Compression of Morbidity
As people live longer, some fear that they will spend additional years in poor health, disabled, and demented. In contrast, the compression of morbidity hypothesis (1980) posits that people can have both a longer life and a healthier old age. To do so, it is necessary to postpone the onset of morbidity (e.g., disability), through healthy preventive practices, more rapidly than death is postponed.
Figure 1 depicts three future scenarios for morbidity and longevity. At present, disability begins to be detectable around age fifty-five in the average individual, and death occurs, on average, a bit after seventy-five years of age. Most disability occurs between these points, and the level of disability increases with time, as shown by the areas of the triangles. At some future time there could be (I) extended life expectancy but no change in the time of first disability. If that would be the case, each typical life would have more morbidity than at present. This scenario has been termed the "failure of success." Or there could be (II) extended life expectancy and postponed morbidity by about the same amount, so that everything happens the same but a bit later. Or there could be (III) more emphasis on postponing disease than on increasing life expectancy, thereby compressing morbidity between a later age of onset and a more slowly rising age at death. Morbidity and disability then would decrease for the typical person, and medical care costs might decline as well, providing relief for cost pressures on Medicare.
Data support the view that compression of morbidity is occurring, and can be made to occur more rapidly. First, life expectancy at advanced ages has plateaued rather than having increased markedly, as previously predicted. In the United States the life expectancy of women at age sixty-five, for example, has increased only 0.7 years since the 1980s. Second, epidemiologic studies have documented the ability to postpone the onset of disability by eight years through exercise, weight control, and not smoking. Over the period from 1982 to 1999, disability rates in the United States decreased at 2 percent per year while mortality rates declined only 1 percent per year. Third, randomized trials of health enhancement programs in seniors have shown reductions in health risks and medical care costs of 10 to 20 percent.

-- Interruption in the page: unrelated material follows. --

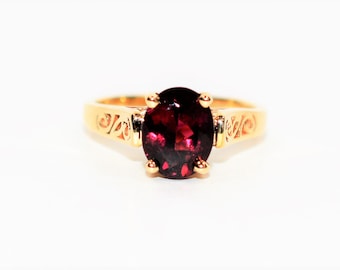 Natural Rubellite Ring 14K Solid Gold 1.90ct Pink Tourmaline Ring Solitaire Ring Vintage Ring Antique Ring Women's Ring Fine Estate Jewelry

There are three stages in developing documentary evidence to support health policies directed at improving senior health: (1) a theoretical framework, as represented by the compression of morbidity hypothesis; (2) the epidemiologic data to establish proof of the concept; (3) randomized trials to establish the ability to intervene successfully. These data are now abundant.
The paradigm of a long, healthy life with a relatively rapid terminal decline represents an attainable ideal. Health policies must be directed at modifying those health risks which precede and cause morbidity if this ideal is to be approached for a population.
JAMES F. FRIES, M.D.
FRIES, J. F. "Aging, Natural Death, and the Compression of Morbidity." New England Journal of Medicine 303, no. 3 (1980): 130–135.
FRIES, J. F.; KOOP, C. E.; SOKOLOV, J.; BEADLE, C.E.; and WRIGHT, D. "Beyond Health Promotion: Reducing Need and Demand for Medical Care." Health Affairs 17, no. 2 (1998): 70–84.
GRUENBERG, E. M. "The Failure of Success." Milbank Memorial Fund Quarterly: Health and Society 55, no. 1 (1977): 3–24.
MANTON, K. G., and GU, XI LIANG. "Changes in the Prevalence of Chronic Disability in the United States Black and Nonblack Population Above Age 65 from 1982 to 1999." Proceedings of the National Academy of Sciences 98 (2001): 6354–6359.
VITA, A. J.; TERRY, R. B.; HUBERT, H. B.; and FRIES, J. F. "Aging, Health Risks, and Cumulative Disability." New England Journal of Medicine 338, no. 15 (1998): 1035–1041.